- **EXERCISE REQUIREMENTS**:
Go through the data below and return each line containing the word "Size".

[Data items]

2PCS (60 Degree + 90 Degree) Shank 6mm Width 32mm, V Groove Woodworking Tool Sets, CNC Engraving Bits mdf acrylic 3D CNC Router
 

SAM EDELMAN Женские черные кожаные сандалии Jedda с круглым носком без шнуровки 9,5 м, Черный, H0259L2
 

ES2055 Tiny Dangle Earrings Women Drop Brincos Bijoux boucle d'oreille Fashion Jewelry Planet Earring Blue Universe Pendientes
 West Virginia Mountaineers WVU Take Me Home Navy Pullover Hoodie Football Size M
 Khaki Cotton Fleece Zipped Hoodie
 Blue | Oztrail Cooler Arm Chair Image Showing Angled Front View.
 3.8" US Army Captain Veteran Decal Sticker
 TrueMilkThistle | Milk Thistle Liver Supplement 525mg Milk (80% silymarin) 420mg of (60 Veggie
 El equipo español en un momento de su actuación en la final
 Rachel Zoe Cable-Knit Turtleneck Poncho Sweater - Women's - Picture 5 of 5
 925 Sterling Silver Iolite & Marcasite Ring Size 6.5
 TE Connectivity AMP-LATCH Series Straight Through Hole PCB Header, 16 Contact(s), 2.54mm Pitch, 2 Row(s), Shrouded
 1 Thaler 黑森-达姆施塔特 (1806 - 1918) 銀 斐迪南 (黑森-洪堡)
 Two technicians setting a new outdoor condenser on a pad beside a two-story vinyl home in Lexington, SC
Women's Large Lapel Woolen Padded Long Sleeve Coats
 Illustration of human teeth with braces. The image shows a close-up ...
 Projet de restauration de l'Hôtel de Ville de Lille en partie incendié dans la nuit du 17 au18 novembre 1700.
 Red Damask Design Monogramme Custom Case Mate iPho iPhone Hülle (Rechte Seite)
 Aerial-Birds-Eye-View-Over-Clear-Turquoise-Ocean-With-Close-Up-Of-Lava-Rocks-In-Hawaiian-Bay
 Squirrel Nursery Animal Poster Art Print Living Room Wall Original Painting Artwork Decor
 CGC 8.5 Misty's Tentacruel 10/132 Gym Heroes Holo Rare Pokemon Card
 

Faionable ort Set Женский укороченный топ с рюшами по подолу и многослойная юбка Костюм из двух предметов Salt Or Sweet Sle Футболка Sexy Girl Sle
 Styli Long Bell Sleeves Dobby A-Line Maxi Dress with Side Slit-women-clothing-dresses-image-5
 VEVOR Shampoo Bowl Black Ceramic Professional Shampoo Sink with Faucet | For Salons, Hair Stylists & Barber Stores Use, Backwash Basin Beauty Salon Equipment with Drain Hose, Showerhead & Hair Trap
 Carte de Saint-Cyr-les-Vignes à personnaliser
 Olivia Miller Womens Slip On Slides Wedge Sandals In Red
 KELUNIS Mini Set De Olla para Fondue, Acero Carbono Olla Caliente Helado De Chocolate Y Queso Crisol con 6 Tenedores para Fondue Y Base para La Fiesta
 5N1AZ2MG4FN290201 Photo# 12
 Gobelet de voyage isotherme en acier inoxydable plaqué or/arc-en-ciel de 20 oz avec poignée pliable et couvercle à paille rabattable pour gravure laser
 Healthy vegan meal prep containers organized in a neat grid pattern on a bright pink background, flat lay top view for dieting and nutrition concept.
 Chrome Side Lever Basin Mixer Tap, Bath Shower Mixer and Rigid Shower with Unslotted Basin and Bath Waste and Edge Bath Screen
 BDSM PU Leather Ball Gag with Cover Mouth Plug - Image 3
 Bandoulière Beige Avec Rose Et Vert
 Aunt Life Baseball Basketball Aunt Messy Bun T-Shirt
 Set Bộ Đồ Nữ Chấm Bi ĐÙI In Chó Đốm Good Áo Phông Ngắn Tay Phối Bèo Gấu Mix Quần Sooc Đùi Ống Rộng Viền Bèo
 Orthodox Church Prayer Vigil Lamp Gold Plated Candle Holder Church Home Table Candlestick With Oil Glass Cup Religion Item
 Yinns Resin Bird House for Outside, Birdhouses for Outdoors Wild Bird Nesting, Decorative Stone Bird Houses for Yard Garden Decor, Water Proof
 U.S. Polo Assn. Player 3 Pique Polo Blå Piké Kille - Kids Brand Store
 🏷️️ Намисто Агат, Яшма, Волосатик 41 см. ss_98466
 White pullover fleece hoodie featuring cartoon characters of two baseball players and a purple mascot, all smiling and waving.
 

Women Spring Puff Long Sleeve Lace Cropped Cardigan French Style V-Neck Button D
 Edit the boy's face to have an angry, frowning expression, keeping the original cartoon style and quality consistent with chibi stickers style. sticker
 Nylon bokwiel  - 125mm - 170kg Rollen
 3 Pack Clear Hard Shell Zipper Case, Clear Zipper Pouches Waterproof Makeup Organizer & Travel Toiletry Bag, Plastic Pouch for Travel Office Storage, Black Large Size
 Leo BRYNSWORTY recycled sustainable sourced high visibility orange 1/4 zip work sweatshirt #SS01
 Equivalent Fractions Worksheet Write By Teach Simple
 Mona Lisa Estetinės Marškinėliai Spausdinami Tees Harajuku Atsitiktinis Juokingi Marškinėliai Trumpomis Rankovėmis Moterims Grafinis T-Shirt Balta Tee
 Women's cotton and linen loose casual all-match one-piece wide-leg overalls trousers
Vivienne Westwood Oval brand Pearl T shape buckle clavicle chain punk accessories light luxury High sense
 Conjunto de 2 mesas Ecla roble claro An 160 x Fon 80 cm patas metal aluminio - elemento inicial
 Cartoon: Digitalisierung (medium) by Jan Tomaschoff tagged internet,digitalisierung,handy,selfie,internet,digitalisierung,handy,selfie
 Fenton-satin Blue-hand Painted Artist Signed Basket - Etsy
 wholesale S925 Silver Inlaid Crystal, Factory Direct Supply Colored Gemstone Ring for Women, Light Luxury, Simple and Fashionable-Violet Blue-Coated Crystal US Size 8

- **RESPONSE FOR THIS EXERCISE**:
 West Virginia Mountaineers WVU Take Me Home Navy Pullover Hoodie Football Size M
 925 Sterling Silver Iolite & Marcasite Ring Size 6.5
 3 Pack Clear Hard Shell Zipper Case, Clear Zipper Pouches Waterproof Makeup Organizer & Travel Toiletry Bag, Plastic Pouch for Travel Office Storage, Black Large Size
 wholesale S925 Silver Inlaid Crystal, Factory Direct Supply Colored Gemstone Ring for Women, Light Luxury, Simple and Fashionable-Violet Blue-Coated Crystal US Size 8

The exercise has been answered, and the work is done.